What to work on:
The response should be the lines of the data, starting at the first and ending at the one that contains "Reunion Bingo Card", copied without change.

*** Source records

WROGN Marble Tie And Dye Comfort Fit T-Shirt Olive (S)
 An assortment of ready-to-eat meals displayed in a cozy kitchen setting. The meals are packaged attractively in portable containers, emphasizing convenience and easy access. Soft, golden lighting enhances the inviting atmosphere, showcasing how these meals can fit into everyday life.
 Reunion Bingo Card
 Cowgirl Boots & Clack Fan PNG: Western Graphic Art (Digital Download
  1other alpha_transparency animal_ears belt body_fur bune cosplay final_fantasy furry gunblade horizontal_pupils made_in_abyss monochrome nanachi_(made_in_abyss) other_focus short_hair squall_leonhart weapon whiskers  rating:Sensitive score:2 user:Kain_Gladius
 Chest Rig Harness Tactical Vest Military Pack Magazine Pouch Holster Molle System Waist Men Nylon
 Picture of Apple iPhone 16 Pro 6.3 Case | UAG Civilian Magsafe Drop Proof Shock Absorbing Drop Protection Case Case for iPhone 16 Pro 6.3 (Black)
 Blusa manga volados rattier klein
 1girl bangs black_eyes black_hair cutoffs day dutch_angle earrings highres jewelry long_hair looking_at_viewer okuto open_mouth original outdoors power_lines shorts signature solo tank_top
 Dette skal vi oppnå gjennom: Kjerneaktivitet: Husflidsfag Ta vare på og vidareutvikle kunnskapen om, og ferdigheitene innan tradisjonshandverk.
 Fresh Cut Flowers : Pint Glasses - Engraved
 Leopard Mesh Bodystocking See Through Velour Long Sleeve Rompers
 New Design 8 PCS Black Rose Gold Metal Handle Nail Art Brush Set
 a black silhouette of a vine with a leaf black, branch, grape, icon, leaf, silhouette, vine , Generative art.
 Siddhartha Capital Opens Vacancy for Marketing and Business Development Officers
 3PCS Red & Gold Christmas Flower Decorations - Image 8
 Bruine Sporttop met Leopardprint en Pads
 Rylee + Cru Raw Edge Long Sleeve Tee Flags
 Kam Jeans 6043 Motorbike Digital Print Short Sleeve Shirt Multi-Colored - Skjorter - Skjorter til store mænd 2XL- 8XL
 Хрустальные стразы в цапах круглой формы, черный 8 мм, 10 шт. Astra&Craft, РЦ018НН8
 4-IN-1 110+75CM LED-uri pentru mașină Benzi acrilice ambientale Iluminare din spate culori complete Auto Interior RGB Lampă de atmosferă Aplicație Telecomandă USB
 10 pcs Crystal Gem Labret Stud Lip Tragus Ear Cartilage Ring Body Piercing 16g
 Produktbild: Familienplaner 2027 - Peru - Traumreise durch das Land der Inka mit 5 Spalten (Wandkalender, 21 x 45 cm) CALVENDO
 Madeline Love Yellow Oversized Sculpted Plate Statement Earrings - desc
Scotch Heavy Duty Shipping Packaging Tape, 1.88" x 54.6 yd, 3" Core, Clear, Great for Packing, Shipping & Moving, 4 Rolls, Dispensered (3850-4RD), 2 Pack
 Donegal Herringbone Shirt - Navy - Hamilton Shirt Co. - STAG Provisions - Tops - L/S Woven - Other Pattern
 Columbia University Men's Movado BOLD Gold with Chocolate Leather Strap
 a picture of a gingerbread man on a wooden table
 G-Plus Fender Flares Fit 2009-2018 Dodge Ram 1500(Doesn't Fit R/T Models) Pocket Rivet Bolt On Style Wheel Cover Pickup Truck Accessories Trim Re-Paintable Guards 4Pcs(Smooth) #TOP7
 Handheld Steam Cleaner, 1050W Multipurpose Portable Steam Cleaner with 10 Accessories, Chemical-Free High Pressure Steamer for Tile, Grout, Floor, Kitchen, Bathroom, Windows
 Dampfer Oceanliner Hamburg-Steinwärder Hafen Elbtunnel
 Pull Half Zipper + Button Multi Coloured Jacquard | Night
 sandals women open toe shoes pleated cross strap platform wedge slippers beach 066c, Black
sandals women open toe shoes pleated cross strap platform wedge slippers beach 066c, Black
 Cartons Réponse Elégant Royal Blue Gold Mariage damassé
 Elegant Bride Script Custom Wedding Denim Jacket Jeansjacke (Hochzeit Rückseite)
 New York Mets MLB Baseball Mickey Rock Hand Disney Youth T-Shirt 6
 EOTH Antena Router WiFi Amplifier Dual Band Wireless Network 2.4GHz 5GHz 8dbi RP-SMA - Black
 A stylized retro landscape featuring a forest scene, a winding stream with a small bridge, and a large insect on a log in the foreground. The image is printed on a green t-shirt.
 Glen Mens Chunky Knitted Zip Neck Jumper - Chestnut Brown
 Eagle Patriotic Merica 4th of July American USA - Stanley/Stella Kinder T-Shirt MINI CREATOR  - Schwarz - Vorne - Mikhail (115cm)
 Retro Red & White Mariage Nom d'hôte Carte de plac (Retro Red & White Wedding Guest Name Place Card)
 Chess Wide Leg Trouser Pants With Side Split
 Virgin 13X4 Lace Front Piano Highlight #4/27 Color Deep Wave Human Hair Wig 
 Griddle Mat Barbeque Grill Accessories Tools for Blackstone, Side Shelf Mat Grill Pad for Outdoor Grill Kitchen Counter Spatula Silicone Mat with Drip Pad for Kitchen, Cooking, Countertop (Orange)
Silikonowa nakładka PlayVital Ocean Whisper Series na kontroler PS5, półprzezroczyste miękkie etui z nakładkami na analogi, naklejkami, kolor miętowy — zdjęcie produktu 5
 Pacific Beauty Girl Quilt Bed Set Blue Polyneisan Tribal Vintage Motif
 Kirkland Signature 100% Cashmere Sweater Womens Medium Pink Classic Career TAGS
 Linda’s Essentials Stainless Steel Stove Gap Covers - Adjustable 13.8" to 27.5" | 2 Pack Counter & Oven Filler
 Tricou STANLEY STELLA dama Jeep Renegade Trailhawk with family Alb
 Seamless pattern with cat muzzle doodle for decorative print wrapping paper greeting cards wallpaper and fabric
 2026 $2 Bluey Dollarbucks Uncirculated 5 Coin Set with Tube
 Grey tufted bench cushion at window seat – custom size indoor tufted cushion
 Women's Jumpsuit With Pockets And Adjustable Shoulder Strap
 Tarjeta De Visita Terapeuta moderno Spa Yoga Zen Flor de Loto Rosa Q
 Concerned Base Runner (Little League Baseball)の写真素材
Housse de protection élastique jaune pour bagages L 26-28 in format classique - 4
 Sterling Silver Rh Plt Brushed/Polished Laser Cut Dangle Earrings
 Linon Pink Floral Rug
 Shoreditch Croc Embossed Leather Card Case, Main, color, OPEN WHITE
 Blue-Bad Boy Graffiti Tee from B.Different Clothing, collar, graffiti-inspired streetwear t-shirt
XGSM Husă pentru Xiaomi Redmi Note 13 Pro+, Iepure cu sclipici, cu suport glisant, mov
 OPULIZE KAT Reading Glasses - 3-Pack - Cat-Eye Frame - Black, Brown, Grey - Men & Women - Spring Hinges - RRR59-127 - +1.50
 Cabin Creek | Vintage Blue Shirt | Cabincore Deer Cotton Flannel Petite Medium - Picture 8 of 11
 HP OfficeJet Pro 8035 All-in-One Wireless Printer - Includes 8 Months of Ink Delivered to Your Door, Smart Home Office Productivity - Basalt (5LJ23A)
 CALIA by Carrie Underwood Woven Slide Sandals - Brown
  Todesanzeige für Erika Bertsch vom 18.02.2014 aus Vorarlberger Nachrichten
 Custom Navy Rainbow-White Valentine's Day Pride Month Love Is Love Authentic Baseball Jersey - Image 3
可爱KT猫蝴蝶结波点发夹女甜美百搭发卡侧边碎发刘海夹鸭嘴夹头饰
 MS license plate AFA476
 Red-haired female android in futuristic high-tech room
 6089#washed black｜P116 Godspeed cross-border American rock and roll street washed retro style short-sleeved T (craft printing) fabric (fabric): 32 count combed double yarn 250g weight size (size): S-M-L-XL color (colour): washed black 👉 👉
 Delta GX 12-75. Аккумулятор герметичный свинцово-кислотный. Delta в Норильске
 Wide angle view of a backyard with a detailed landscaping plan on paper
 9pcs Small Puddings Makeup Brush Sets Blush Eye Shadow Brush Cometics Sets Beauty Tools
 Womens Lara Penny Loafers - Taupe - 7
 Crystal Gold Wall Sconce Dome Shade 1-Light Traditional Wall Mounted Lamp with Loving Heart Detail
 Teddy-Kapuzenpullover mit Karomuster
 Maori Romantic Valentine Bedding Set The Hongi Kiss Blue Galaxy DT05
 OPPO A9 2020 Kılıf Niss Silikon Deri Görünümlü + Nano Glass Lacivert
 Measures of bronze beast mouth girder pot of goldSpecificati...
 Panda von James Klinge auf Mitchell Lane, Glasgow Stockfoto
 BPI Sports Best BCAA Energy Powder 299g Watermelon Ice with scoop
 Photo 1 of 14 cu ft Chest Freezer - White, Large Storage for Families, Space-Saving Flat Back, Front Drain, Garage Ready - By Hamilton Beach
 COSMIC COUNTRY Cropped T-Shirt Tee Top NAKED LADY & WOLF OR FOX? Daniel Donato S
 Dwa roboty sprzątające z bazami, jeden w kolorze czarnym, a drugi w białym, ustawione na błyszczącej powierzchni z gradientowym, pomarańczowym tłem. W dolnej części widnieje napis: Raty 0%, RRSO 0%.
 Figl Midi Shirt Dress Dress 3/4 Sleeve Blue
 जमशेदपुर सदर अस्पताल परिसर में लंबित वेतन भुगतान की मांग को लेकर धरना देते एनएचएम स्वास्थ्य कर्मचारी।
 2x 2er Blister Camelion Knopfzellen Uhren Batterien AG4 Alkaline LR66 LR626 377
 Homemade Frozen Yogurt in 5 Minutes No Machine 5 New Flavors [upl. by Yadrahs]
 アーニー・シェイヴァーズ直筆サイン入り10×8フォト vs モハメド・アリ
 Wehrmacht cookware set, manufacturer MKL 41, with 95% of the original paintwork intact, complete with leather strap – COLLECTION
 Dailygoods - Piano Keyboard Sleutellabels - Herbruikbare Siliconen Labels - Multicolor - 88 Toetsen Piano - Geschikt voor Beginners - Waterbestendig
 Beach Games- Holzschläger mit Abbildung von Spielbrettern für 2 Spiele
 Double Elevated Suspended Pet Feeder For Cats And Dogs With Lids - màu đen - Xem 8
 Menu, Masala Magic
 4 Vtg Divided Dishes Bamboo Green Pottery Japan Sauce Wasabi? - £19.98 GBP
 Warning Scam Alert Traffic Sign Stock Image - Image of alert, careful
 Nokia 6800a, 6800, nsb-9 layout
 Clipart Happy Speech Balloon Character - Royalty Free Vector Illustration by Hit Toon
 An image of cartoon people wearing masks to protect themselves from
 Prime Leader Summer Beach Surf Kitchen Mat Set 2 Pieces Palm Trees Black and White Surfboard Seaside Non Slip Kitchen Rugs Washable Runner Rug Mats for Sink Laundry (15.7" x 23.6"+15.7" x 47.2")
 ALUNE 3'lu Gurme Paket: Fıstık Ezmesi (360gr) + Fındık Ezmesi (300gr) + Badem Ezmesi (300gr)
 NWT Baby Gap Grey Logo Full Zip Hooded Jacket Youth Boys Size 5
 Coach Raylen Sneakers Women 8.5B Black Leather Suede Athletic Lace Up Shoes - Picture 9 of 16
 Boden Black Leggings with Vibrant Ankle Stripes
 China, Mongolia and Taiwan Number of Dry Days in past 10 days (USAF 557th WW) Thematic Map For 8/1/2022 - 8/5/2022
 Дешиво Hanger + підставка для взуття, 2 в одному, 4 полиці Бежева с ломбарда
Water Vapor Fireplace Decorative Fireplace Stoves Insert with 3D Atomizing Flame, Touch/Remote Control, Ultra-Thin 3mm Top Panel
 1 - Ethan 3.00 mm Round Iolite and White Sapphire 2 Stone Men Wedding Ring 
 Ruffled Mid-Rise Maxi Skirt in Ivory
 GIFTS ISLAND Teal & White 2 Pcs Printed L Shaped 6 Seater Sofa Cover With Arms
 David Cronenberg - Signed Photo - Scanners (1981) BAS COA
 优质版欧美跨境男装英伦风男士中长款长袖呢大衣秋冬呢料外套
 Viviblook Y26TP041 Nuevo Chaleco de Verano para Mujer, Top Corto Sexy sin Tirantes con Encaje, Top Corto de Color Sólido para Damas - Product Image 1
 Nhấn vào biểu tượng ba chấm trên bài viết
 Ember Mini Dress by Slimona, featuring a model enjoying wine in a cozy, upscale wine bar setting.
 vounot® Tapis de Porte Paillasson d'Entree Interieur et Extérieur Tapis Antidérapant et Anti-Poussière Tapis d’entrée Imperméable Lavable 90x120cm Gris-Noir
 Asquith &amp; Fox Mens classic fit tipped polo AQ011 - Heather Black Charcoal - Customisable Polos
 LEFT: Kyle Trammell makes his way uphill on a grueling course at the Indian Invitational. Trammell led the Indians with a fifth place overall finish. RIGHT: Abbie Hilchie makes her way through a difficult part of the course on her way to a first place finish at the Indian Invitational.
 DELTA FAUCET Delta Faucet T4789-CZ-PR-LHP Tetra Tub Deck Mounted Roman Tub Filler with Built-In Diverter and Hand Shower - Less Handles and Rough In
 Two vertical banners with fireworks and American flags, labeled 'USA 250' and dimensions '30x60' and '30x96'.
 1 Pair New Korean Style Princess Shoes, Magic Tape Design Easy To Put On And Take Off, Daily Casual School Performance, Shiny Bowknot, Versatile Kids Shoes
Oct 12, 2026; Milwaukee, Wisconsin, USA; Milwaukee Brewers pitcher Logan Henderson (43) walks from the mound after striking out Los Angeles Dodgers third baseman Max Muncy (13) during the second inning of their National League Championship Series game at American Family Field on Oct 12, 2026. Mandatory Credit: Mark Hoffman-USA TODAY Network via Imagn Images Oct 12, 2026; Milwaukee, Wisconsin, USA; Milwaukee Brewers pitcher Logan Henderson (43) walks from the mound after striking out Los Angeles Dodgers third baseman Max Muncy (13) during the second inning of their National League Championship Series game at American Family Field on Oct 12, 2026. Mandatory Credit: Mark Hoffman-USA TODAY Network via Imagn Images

******

Your solution:
WROGN Marble Tie And Dye Comfort Fit T-Shirt Olive (S)
 An assortment of ready-to-eat meals displayed in a cozy kitchen setting. The meals are packaged attractively in portable containers, emphasizing convenience and easy access. Soft, golden lighting enhances the inviting atmosphere, showcasing how these meals can fit into everyday life.
 Reunion Bingo Card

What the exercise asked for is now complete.